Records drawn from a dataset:
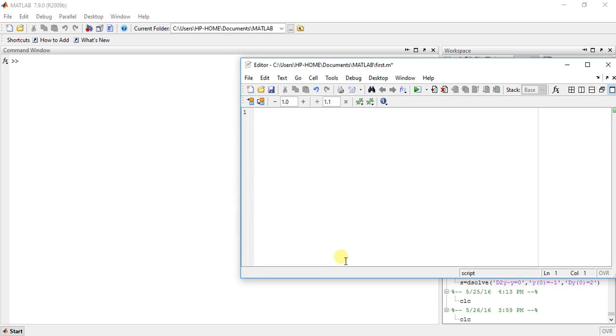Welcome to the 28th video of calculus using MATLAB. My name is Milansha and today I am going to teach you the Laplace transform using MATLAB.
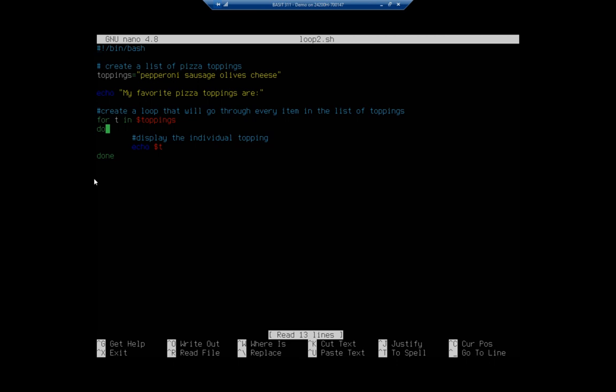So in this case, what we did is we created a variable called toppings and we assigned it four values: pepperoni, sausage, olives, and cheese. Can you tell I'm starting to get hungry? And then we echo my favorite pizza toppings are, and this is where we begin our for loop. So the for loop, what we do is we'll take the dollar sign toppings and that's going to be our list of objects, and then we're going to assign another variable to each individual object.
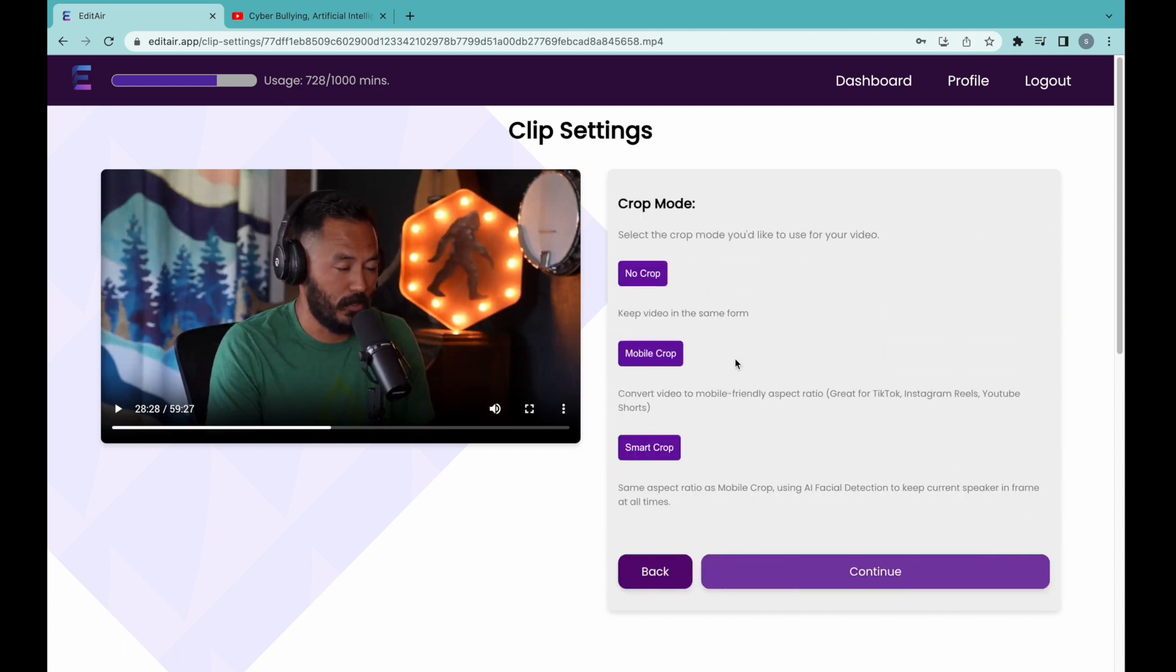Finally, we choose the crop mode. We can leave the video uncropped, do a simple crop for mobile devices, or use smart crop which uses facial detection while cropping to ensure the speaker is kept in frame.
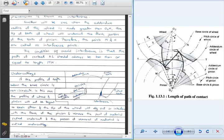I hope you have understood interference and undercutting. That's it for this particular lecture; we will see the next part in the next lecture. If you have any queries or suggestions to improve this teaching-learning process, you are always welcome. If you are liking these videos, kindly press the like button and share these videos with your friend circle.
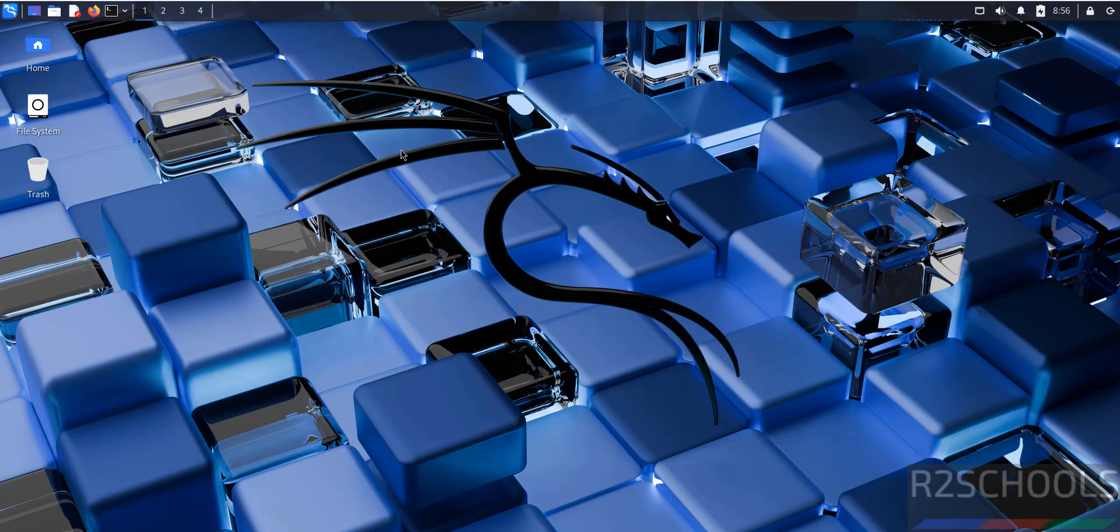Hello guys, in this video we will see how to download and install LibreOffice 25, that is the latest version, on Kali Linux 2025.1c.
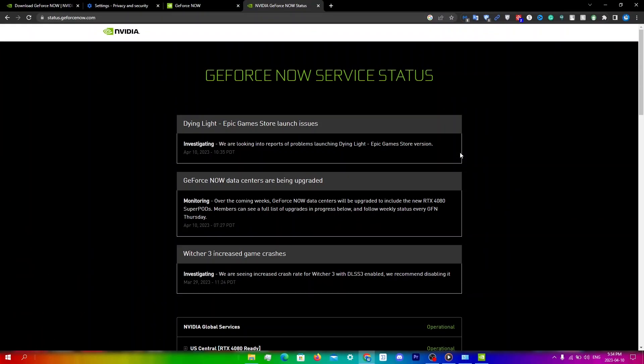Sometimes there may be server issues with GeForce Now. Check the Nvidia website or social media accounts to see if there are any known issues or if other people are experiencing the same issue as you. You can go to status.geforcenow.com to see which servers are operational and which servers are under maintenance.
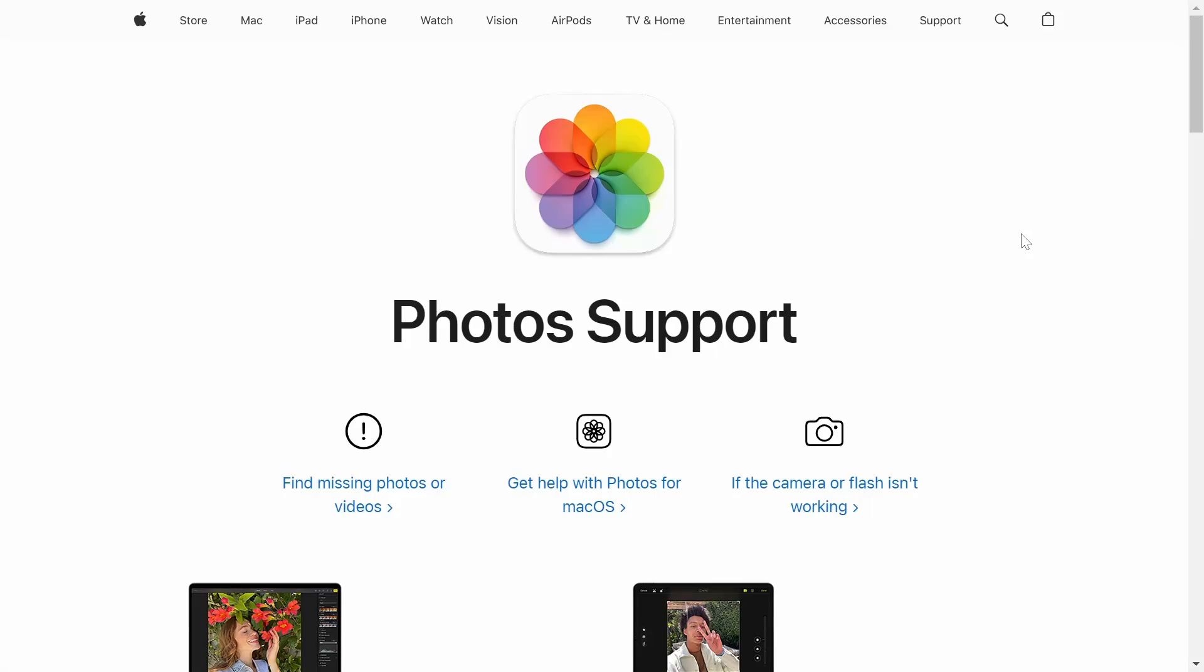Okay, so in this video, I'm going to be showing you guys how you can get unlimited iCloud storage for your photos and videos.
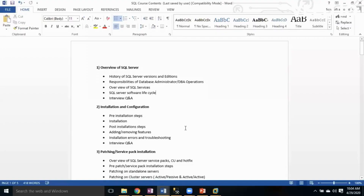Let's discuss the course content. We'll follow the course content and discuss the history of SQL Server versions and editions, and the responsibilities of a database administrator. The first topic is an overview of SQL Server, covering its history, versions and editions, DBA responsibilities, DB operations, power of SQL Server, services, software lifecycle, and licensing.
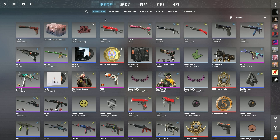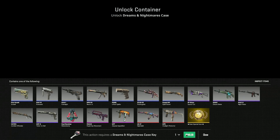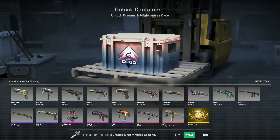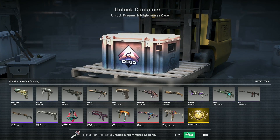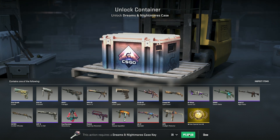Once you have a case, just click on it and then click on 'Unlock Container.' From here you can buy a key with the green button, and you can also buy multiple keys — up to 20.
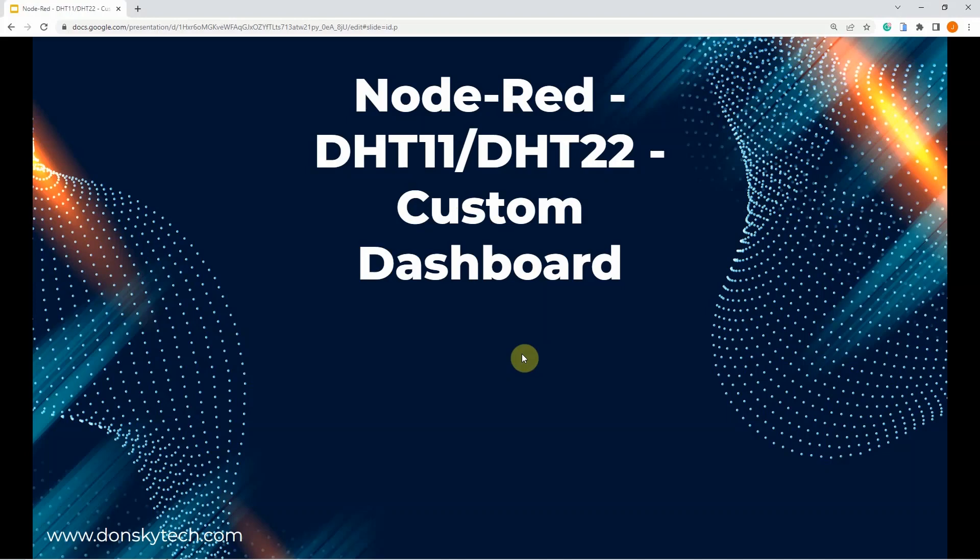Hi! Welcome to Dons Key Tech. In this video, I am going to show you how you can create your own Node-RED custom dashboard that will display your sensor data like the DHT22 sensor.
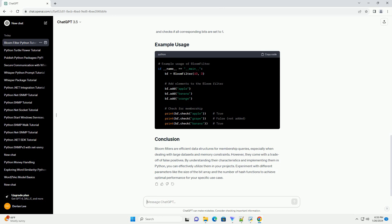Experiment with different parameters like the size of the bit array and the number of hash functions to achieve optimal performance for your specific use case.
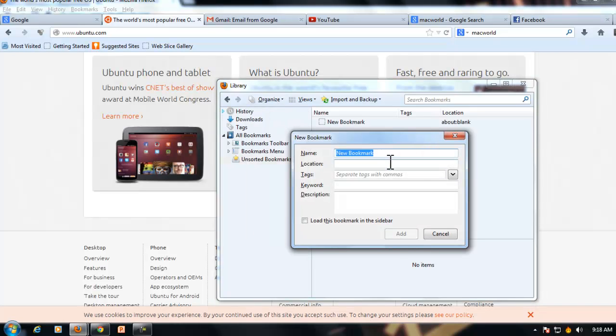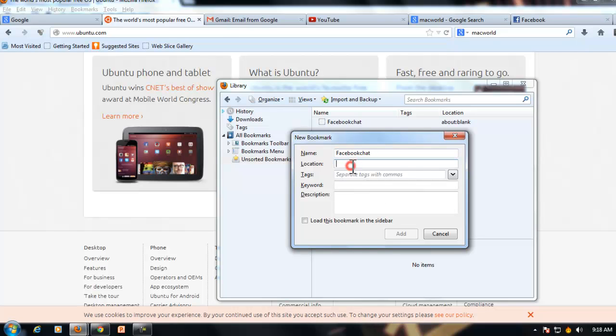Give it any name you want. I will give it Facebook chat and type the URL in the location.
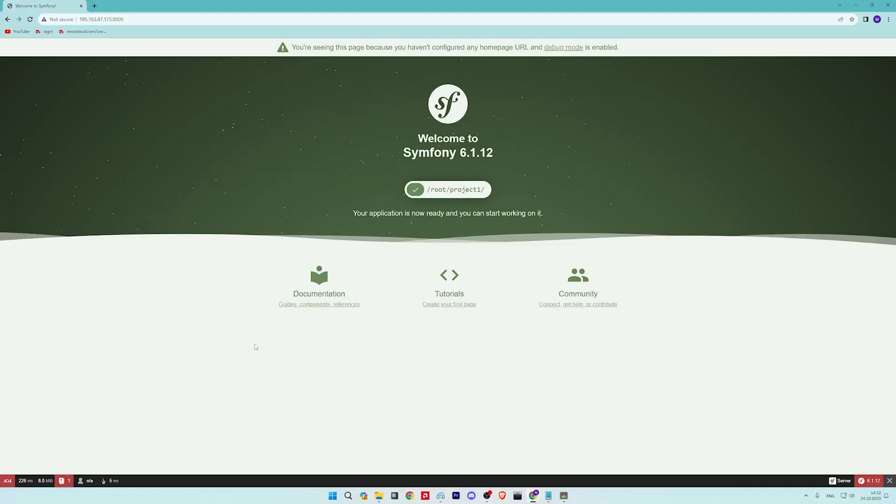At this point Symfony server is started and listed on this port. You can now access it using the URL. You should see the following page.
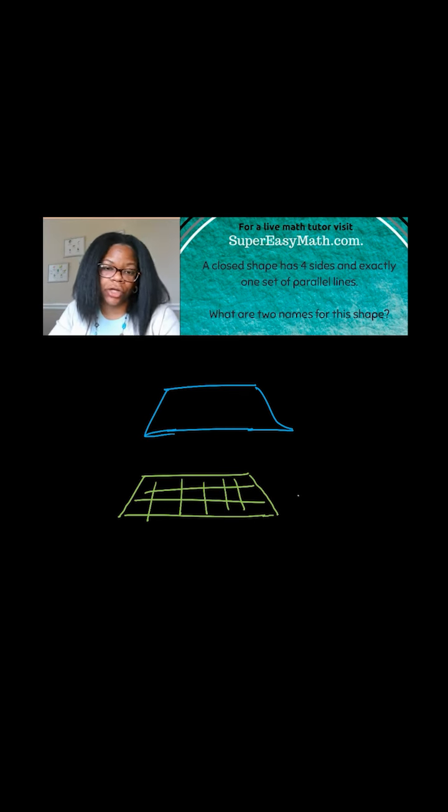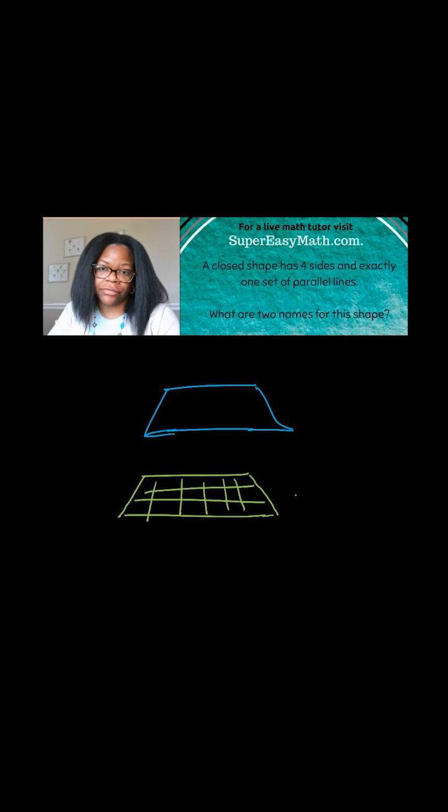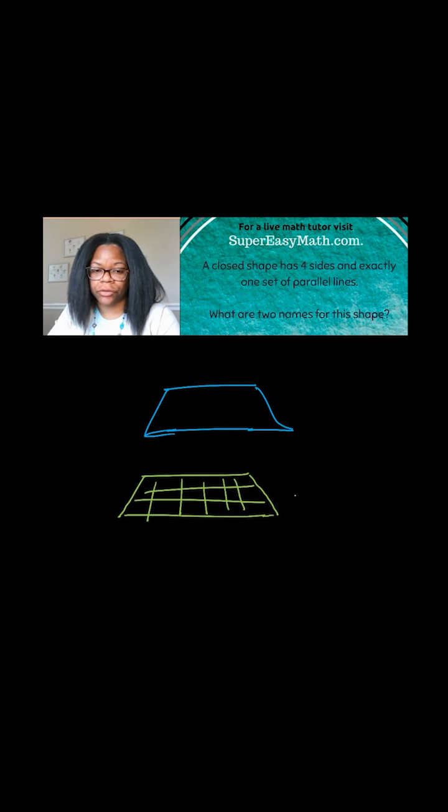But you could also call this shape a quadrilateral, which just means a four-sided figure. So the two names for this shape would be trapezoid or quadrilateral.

_Activity_
Copy, word for word, the entries above from the first line to the line that holds "I hope you have". Drop the pictures.

_Result for this exercise_
Welcome to the 28th video of calculus using MATLAB. My name is Milansha and today I am going to teach you the Laplace transform using MATLAB.
So in this case, what we did is we created a variable called toppings and we assigned it four values: pepperoni, sausage, olives, and cheese. Can you tell I'm starting to get hungry? And then we echo my favorite pizza toppings are, and this is where we begin our for loop. So the for loop, what we do is we'll take the dollar sign toppings and that's going to be our list of objects, and then we're going to assign another variable to each individual object.
Finally, we choose the crop mode. We can leave the video uncropped, do a simple crop for mobile devices, or use smart crop which uses facial detection while cropping to ensure the speaker is kept in frame.
I hope you have understood interference and undercutting. That's it for this particular lecture; we will see the next part in the next lecture. If you have any queries or suggestions to improve this teaching-learning process, you are always welcome. If you are liking these videos, kindly press the like button and share these videos with your friend circle.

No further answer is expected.